Un chien vendu par son maître
Brisa sa chaîne, et revint
Au logis qui le vit naître.
Jugez de ce qu’il devint
Lorsque, pour prix de son zèle,
Il fut de cette maison
Reconduit par le bâton
Vers sa demeure nouvelle.
Un vieux chat, son compagnon,
Voyant sa surprise extrême,
En passant lui dit ce mot :
Tu croyais donc, pauvre sot,
Que c’est pour nous qu’on nous aime !
« Le Chien et le Chat » est une fable de l’écrivain Jean-Pierre Claris de Florian (1755-1794), considéré par beaucoup comme le deuxième plus grand fabuliste français après son prédécesseur Jean de La Fontaine (1621-1695), auquel il souffrit sûrement d’être comparé. Elle porte le numéro 9 dans le livre I de son recueil Fables, qui en compte très exactement une centaine et qui fut publié en 1792.

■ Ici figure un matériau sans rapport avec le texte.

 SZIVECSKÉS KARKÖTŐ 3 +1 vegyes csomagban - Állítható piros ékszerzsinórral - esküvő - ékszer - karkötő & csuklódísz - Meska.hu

Ce bref poème, remarquable par la régularité de ses heptasyllabes, débute sur une note positive : un chien qui a été vendu parvient à briser sa chaîne pour retrouver son ancien maître. Comme souvent dans les fables, le meilleur ami de l’Homme incarne donc la loyauté et la fidélité.
Toutefois, ces valeurs ne sont manifestement pas partagées par son ancien propriétaire, qui le reconduit à coups de bâton chez le nouveau.

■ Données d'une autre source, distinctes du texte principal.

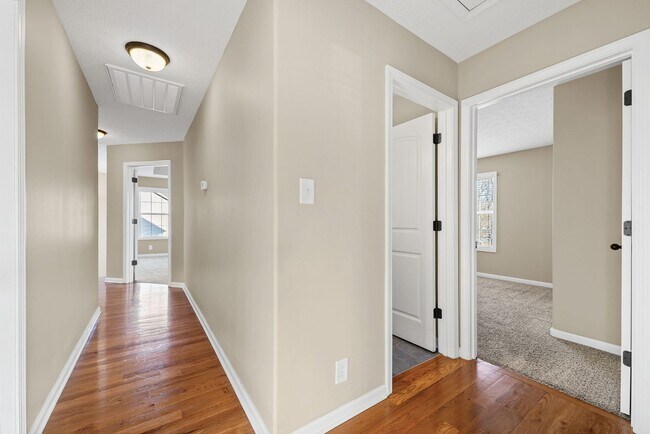 Building Photo - Pet Friendly Four Bedroom!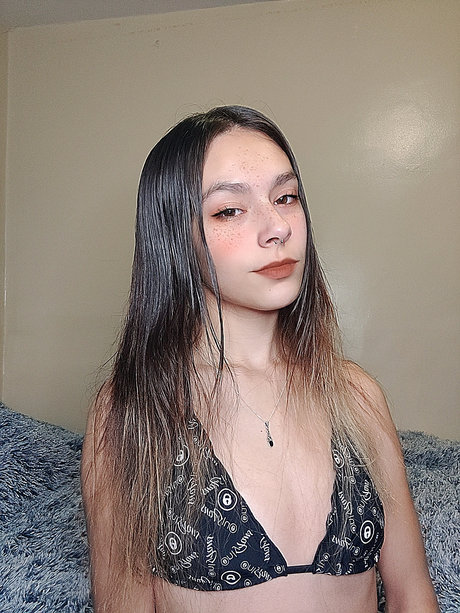 Luka Rose modèle parfait images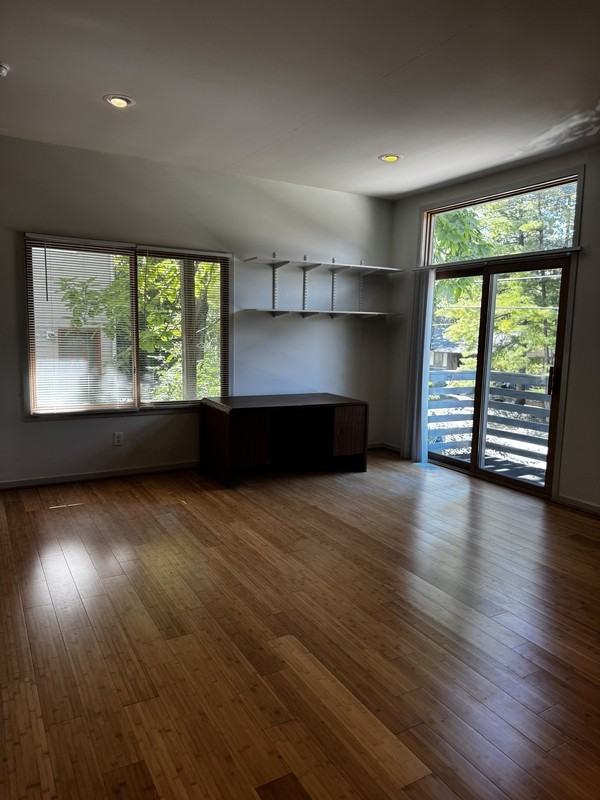 1556 Jones Dr #B1 - Photo 4 of 14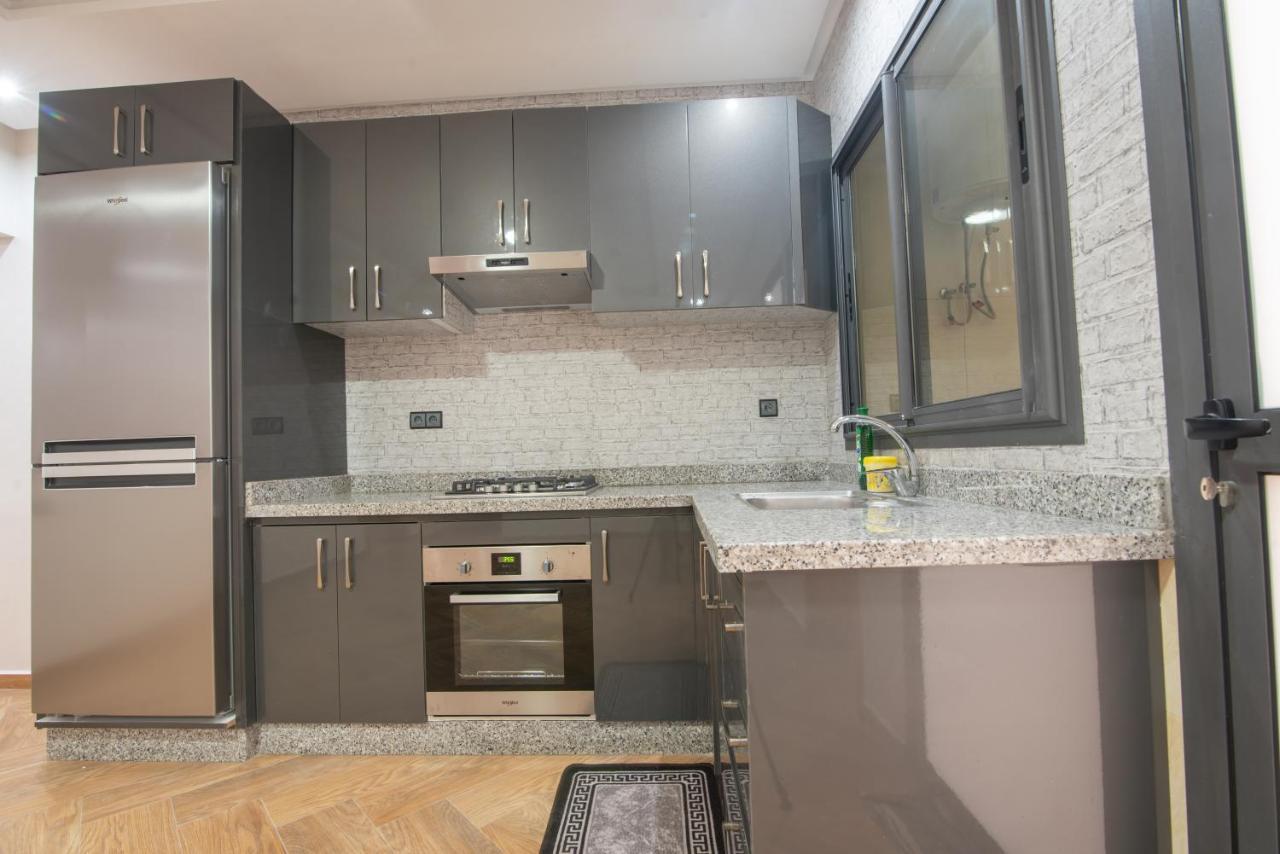 Adam's Apartments: Beach-near Downtown With Fiber Optic Wi-fi Apartment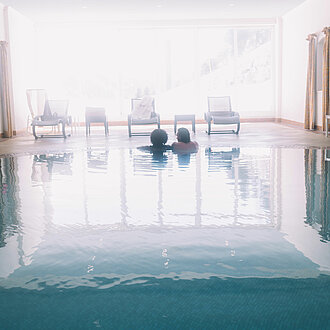 Indoor Pool im Wellnesshotel Hotel Enzian Obertauern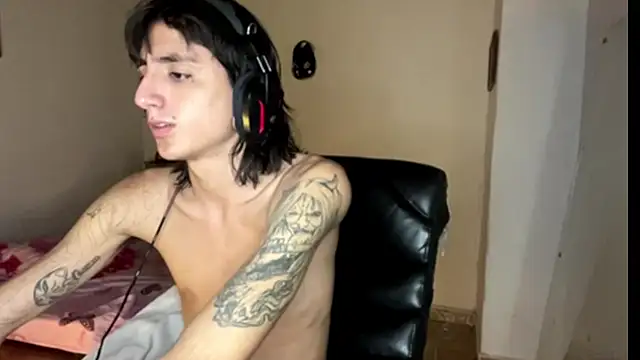 Snapshot of Matthew_Dixonn chatting on 02.06.25 Matthew Dixonn online show from 02.06.25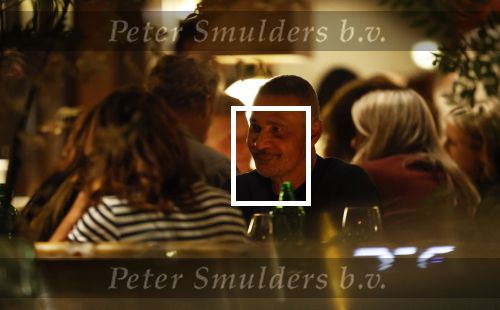 Amsterdam 11 september 2025
Linda de Mol Jeroen Rietbergen Noa Vahle Julian Vahle en zijn vriendin Chelsea Weimar zijn gezellig uitetetn in de nieuwe Hotspot van Amsterdam Restaurant Toet . Ook Ruud Gullit en zijn vriendin Karin de Rooij waren aanwezig .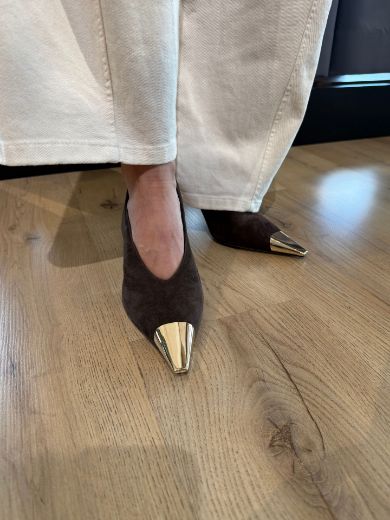 Immagine di DECOLLETE' CAMOSCIO MORO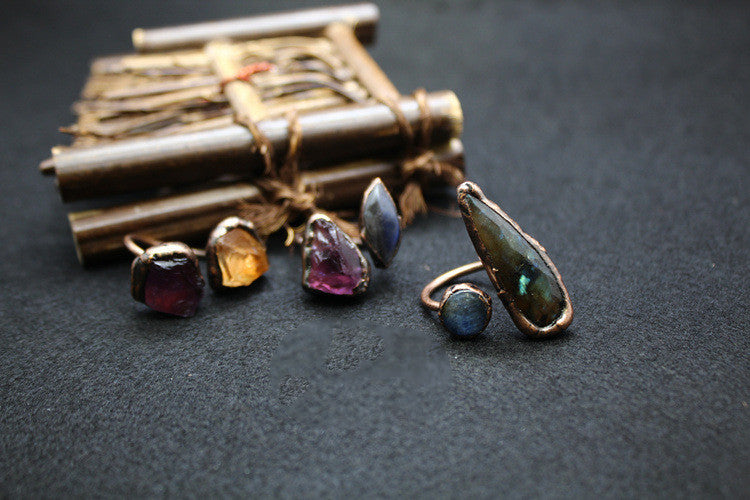 Sacrametal Labradorite & Amethyst Ring: Mystical Guidance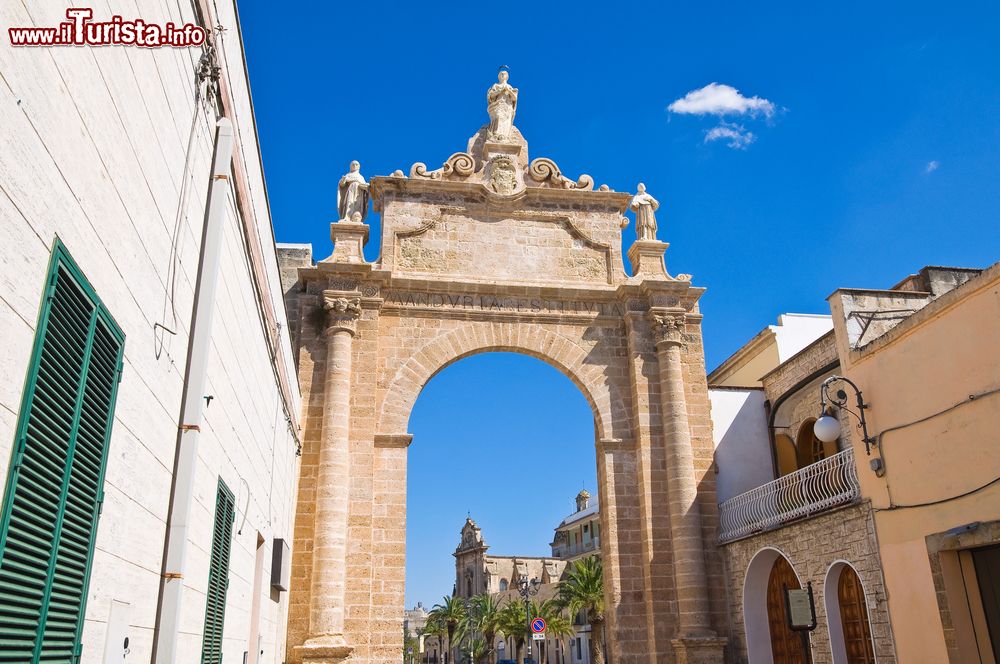 Immagine La Porta di Sant'Angelo a Manduria, Puglia, Italia. Eretto per motivi devozionali, quest'arco risale alla seconda metà del XVII° secolo.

Apparaît alors un personnage supplémentaire : un chat que l’auteur présente comme étant le « compagnon » du chien. Plus âgé et plus sage, il voit dans l’étonnement de son ami une preuve de la sottise de ce dernier. Sa sentence est nette et tranchée : ce n’est pas pour eux-mêmes qu’ils sont aimés.

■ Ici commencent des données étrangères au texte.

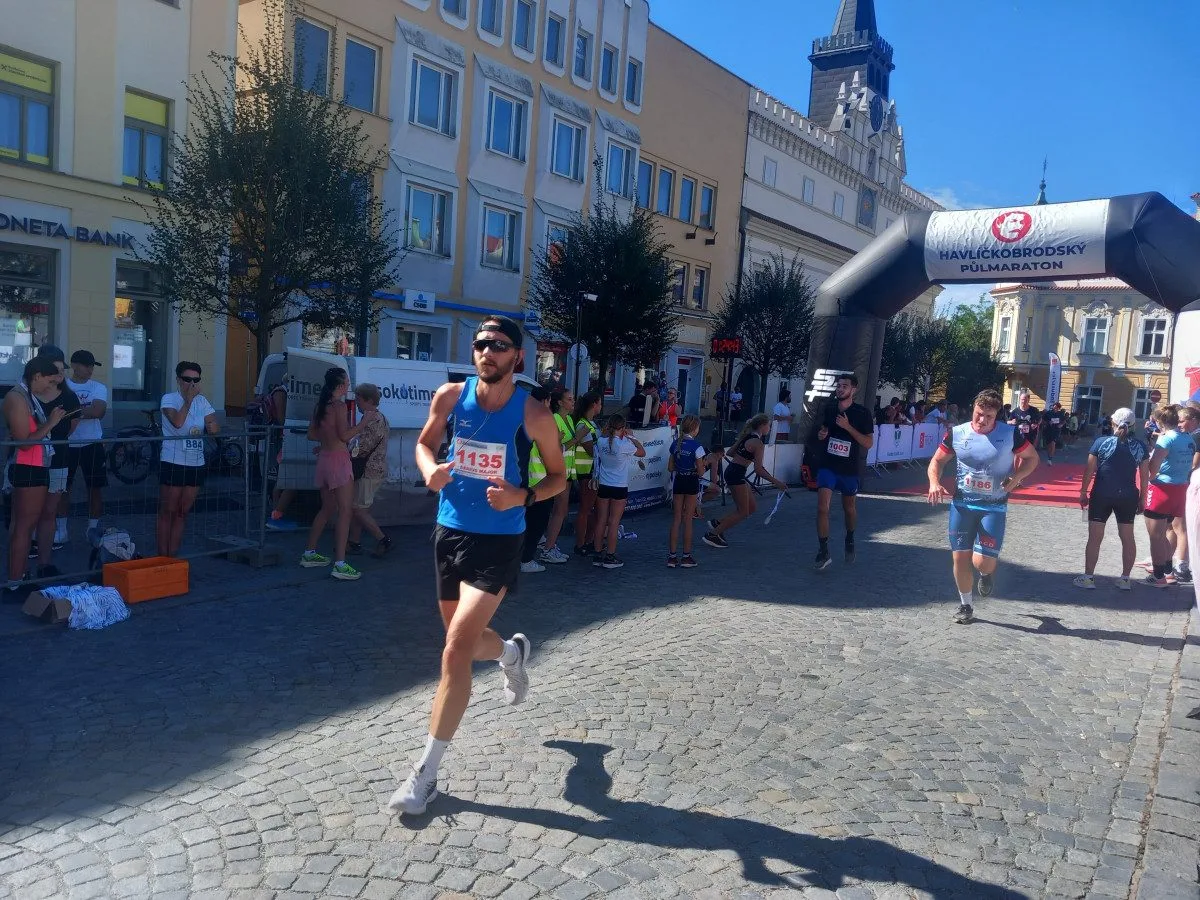 FOTO: Havlíčkobrodským náměstí proběhly stovky lidí, Diana Mezuliáníková byla pátá
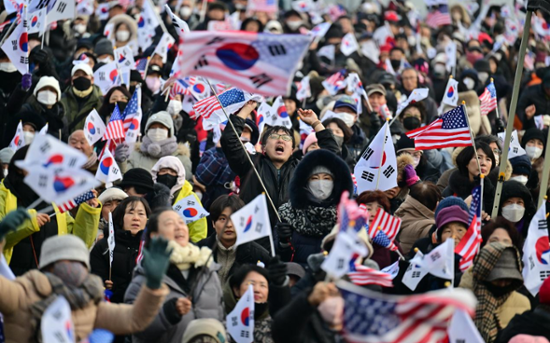 Why is Yoon's approval rating rebounding?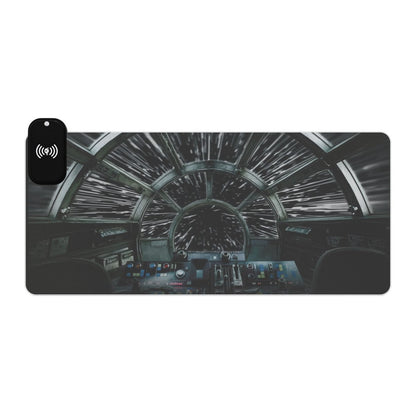 Millennium Falcon View, Wireless Charging LED + Wireless Charging XL Mousepads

Il convient au passage de souligner que Florian figure parmi les premiers fabulistes à faire se côtoyer un chien et un chat dans un même récit. En effet, bien que les deux espèces soient aujourd’hui fréquemment associées au sein des foyers, ce n’était pas le cas avant le 19ème siècle : plutôt que d’être des compagnons domestiques, les chiens servaient avant tout pour sécuriser des biens ou des personnes, chasser ou encore conduire et protéger des troupeaux, tandis que les chats étaient tolérés du fait de leur utilité pour éliminer les nuisibles.
C’est d’ailleurs à cette vision des animaux que cette fable fait la part belle. En effet, si les deux compères ne sont pas aimés pour eux-mêmes, c’est qu’ils le sont pour les fonctions qu’ils occupent.
On remarque en tout cas que ce récit ne comporte pas de morale. Néanmoins, ce qu’il convient d’en conclure est probablement que certains animaux sont exploités et appréciés uniquement pour les services qu’ils peuvent rendre. Et comme une fable est toujours allégorique, qu’il en va de même pour certaines personnes.